22. Sonntag nach Trinitatis
Leitmotiv: Schuld und Vergebung
Wochenspruch: „Bei dir ist die Vergebung, dass man dich fürchte.“
Psalm 130,4



Sonntag: Matthäus 18,21-35  Evangelium

In der Sichtweise des barmherzigen Gottes ist vieles von dem, was wir unter Gerechtigkeit verstehen, ungerecht. Wie sich Wahrheit ohne Liebe zur Lüge pervertiert, so auch Gerechtigkeit ohne Barmherzigkeit. Und so wie die Liebe nicht nur eine Zutat der Wahrheit ist, sondern die Wahrheit nicht Wahrheit sein kann, ohne der Liebe gänzlich verpflichtet zu sein, ist auch die Gerechtigkeit nur gerecht, wenn sie sich ohne Vorbehalt der Barmherzigkeit verpflichtet weiß. Unsere übliche Selbstrechtfertigung dort, wo wir für scheinbare Gerechtigkeit gegen die Barmherzigkeit entscheiden, lautet: „Aber ich habe doch recht!“ Mit anderen Worten: „Aber das ist doch richtig!“. Einem Paragraphen zum Beispiel nach mag es richtig sein. Doch lassen sich mit diesem Argument alle möglichen Abscheulichkeiten begründen.

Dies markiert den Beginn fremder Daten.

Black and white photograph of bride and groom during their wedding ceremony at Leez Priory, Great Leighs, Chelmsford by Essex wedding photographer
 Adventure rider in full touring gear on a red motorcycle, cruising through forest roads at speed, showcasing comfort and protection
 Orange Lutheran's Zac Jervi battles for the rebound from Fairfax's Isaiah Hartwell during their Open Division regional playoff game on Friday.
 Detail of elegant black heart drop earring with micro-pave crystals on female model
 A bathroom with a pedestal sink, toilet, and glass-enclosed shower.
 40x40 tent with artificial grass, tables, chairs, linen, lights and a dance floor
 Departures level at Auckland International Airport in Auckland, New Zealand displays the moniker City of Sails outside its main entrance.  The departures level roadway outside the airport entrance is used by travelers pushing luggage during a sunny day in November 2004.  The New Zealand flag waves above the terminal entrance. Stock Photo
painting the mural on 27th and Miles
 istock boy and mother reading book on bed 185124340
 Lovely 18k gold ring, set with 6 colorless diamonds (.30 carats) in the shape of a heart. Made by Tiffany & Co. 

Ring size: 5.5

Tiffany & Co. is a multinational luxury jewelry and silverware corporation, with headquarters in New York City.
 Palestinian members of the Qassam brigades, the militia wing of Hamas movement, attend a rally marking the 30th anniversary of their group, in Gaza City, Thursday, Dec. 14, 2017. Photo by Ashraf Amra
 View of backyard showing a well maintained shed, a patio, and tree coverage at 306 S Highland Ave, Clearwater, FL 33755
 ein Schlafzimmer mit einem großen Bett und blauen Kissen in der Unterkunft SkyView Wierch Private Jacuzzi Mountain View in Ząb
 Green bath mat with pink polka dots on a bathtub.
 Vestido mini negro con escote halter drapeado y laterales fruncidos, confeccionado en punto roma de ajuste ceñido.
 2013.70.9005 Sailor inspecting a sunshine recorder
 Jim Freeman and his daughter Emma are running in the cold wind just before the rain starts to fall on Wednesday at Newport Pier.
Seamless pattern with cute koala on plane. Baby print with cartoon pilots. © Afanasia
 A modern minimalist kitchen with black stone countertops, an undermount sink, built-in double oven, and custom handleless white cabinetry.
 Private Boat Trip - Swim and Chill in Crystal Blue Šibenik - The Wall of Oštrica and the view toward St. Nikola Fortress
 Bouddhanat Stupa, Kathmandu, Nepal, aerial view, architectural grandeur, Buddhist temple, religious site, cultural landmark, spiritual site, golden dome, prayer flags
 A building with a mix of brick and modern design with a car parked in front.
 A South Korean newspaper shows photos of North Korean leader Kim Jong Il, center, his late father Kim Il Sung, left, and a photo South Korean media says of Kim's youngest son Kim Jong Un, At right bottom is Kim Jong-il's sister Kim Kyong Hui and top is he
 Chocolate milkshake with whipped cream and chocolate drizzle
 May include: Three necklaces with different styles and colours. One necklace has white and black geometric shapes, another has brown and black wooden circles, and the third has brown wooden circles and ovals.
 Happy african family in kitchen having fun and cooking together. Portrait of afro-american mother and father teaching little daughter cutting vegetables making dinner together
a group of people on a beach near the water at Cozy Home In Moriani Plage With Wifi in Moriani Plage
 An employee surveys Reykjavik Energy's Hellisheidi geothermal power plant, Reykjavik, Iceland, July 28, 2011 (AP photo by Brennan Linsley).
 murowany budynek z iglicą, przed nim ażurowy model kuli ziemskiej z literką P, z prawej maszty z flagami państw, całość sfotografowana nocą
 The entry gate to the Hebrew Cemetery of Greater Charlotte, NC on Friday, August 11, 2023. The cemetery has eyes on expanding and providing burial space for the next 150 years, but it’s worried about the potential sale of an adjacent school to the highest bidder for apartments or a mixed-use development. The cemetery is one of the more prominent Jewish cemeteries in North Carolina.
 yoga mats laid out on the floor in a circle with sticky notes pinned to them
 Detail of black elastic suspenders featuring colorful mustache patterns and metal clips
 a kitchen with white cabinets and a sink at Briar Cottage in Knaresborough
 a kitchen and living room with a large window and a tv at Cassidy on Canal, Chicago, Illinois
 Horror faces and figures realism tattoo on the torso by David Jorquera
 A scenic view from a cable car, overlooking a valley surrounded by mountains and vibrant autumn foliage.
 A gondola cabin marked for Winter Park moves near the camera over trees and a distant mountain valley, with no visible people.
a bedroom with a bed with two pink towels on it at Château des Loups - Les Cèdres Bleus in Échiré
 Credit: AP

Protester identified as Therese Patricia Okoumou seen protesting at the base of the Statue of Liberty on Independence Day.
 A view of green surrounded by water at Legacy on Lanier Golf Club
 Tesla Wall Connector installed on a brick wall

Unsere Rechthaberei trifft auf Gottes harten Widerstand - Gott sei Dank. Die Selbstverpflichtung Gottes auf Liebe und Barmherzigkeit ist alles andere als ein weiches Nachgeben gegen Lüge und Ungerechtigkeit. Und so auch nicht für uns: Das sentimentale Zurückweichen vor den rechthaberischen Auftritten anderer, das so häufig gepflegt wird, ist nicht barmherzig und gerecht, sondern unwahrhaftig und realitätsfern. Dieser Pseudobarmherzigkeit, die übrigens auch sehr rechthaberisch aufzutreten weiß, reicht es schon, dass die selbstgerechten Unrechttäter nur den Anschein erwecken, in irgendeiner Weise recht zu haben, um alle notwendige Kritik an ihnen ungerecht zu nennen.